### TASK TO COMPLETE
From the listing below, output the lines between the one with "FPKS KALTIM LAKUKAN REORGANISASI" and the one with "Vivid orange flames", including those two, and nothing else. Pictures are not copied.

(EXTRACTED INFORMATION)

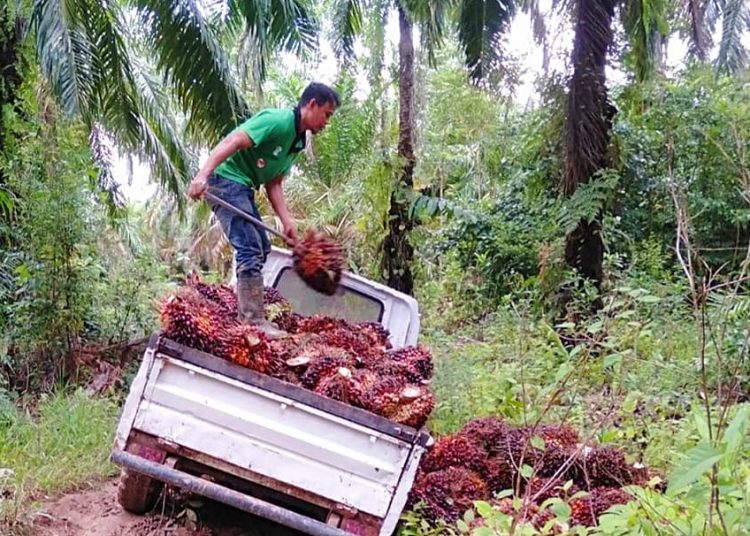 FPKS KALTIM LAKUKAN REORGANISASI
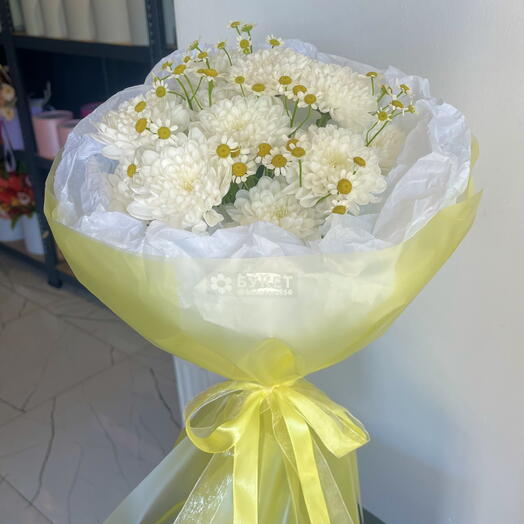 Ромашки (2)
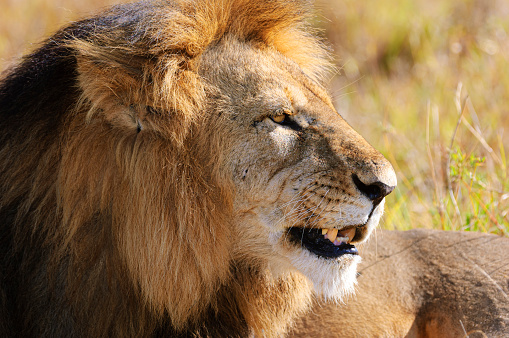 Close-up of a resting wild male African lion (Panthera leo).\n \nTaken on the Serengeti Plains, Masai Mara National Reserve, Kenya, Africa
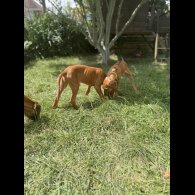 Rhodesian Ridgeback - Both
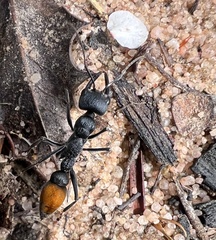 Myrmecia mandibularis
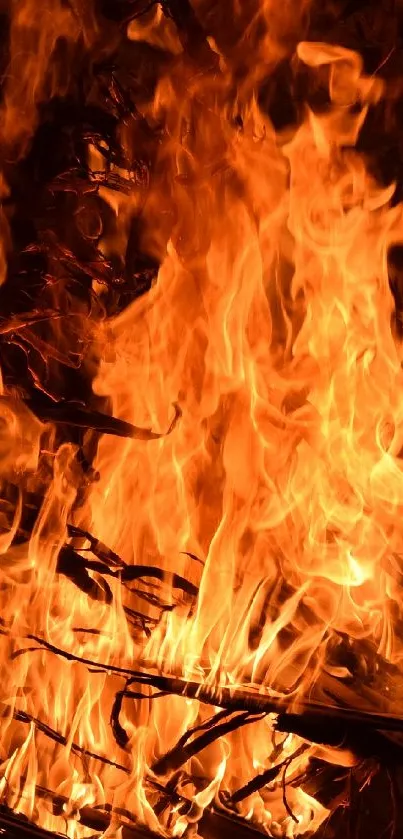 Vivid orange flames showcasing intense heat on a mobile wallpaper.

(End EXTRACTED INFORMATION)
(EXTRACTED INFORMATION)

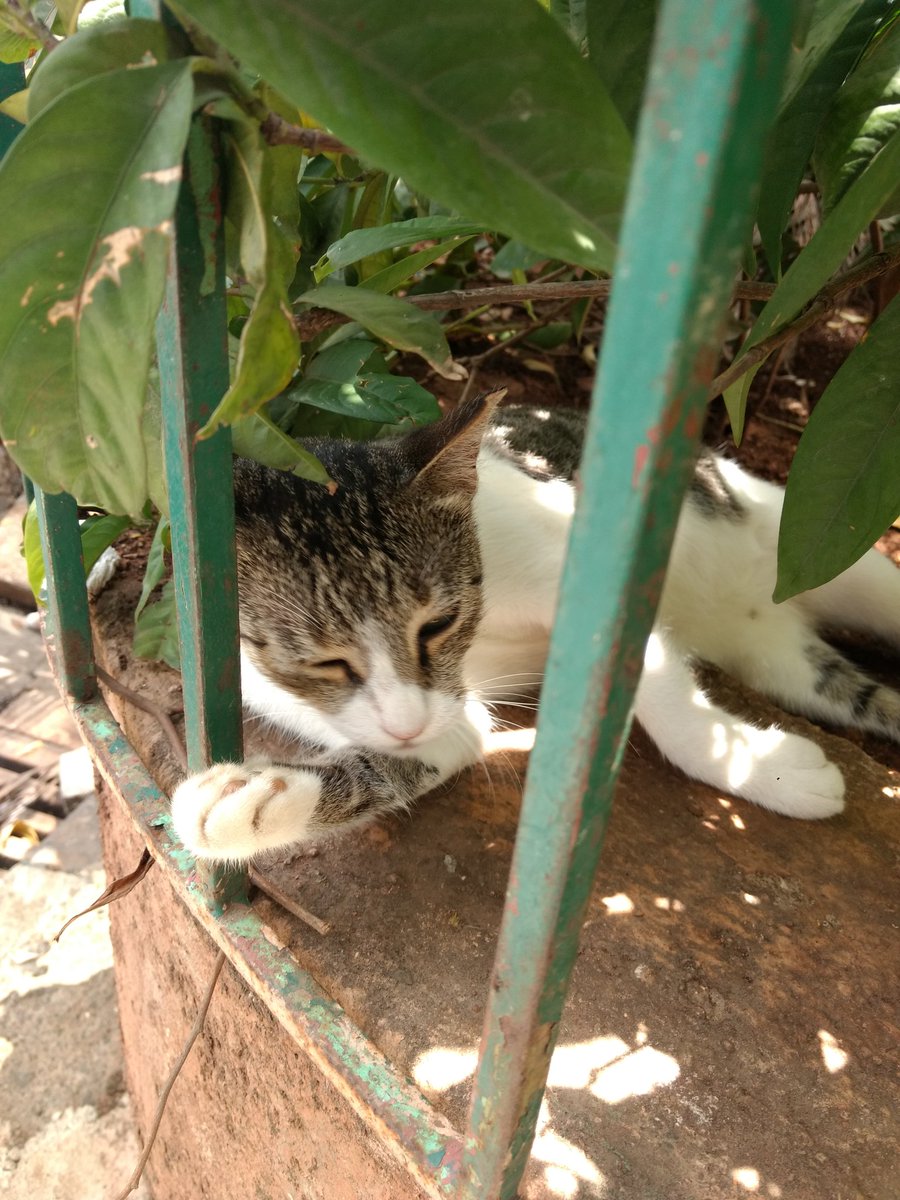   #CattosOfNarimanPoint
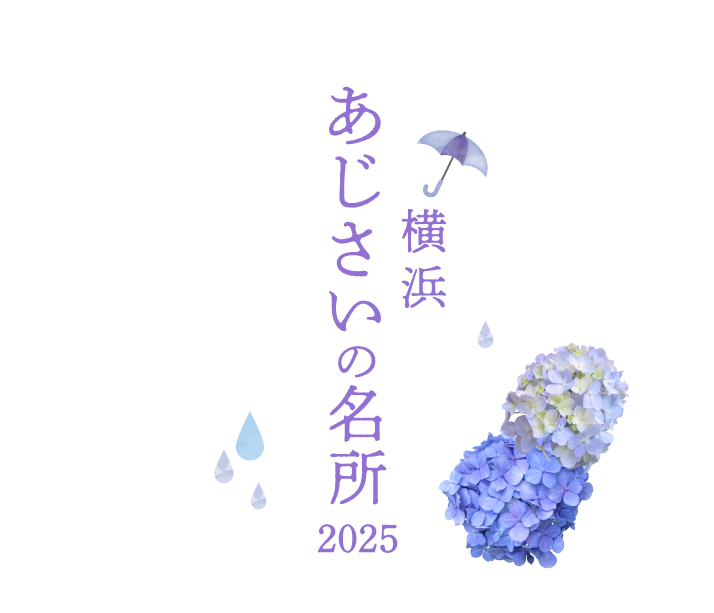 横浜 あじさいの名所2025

(End EXTRACTED INFORMATION)

### WRITTEN SOLUTION
 FPKS KALTIM LAKUKAN REORGANISASI
 Ромашки (2)
 Close-up of a resting wild male African lion (Panthera leo).\n \nTaken on the Serengeti Plains, Masai Mara National Reserve, Kenya, Africa
 Rhodesian Ridgeback - Both
 Myrmecia mandibularis
 Vivid orange flames showcasing intense heat on a mobile wallpaper.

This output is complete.